富士山の「文化遺産」としての価値とは、具体的にどのようなものなのでしょうか。私たちが今まで特別に意識していなかった富士山の歴史や文化にも、ちょっと注目してみましょう。
名山としての景観
富士山の景観は言わずもがな美しく、日本を代表する名山のひとつです。円錐型の容姿はどこから見ても端整で、どっしりと裾野を広げる姿は私たちに安心感を与えてくれます。
特に富士五湖から眺める富士山は秀逸で、日本の紙幣の図柄として複数回使用されてきました。こうした理由で構成資産に含まれている富士五湖は、現在海外からの評価も高く、多くの外国人旅行客が訪れています。
山中湖からの富士山
信仰としての対象
噴火を繰り返してきた富士山は、古から「神が宿る山」として畏れられ、噴火を鎮めるために富士山の麓に浅間神社が建立されました。平安時代後期には富士山は日本古来の山岳信仰と密教などが習合した「修験道」の場となり、その後修行僧や修験者が修行のひとつとして富士山に登るようになりました。
鎌倉時代に現れた長谷川角行が富士山信仰を教義としてまとめ、その教えは弟子へと引き継がれます。これが江戸時代に栄えた「富士講」となり、多くの人々が富士登山を行うようになりました。
山開きのときに担がれる神輿(富士吉田市)
芸術の源泉
富嶽三十六景 山下白雨
日本人は古来より富士山の荘厳で美しい容姿に魅了され続けています。最古の歌集「万葉集」でも富士山を詠んだ作品があり、その後「竹取物語」「古今和歌集」「伊勢物語」などの古典作品にも富士山が描かれています。

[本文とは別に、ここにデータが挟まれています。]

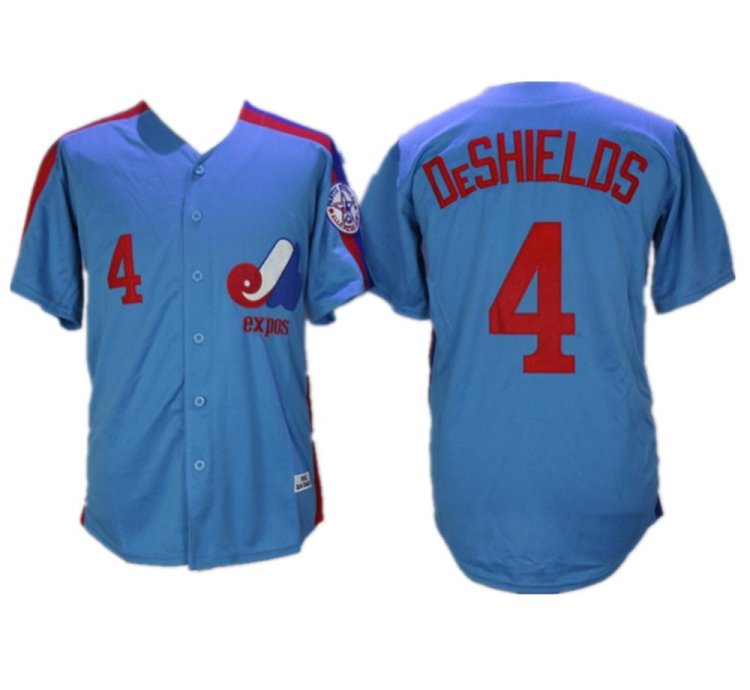 Montreal Expos Delino Deshields Blue Throwback Jersey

一方絵画では、江戸時代の浮世絵が有名です。葛飾北斎の「冨嶽三十六景」は日本人の心だけでなく海外の人々をも虜にし、多くの人に影響を与えました。
このように富士山は文学や絵画などの芸術を生み出す源泉として、偉大な価値を持っていると言えます。
富士山観光で立ち寄るオススメスポット
1. 富士山五合目
天地の境とも呼ばれている富士山五合目駐車場です。森林限界線に位置しており、多くの売店が立ち並んでいます。
富士山観光の基点、また夏の富士登山シーズン(7月1日~9月中旬)には毎年多くの登山客や観光客で賑わいます。五合目へのアクセスは、富士スバルラインが有名です。スバルラインは富士山の5合目まで続いている山梨県にある有料道路で、道路の全長はおよそ30km、時間にして約40分ほどで、高さ2,305mに位置する、5合目に到着します。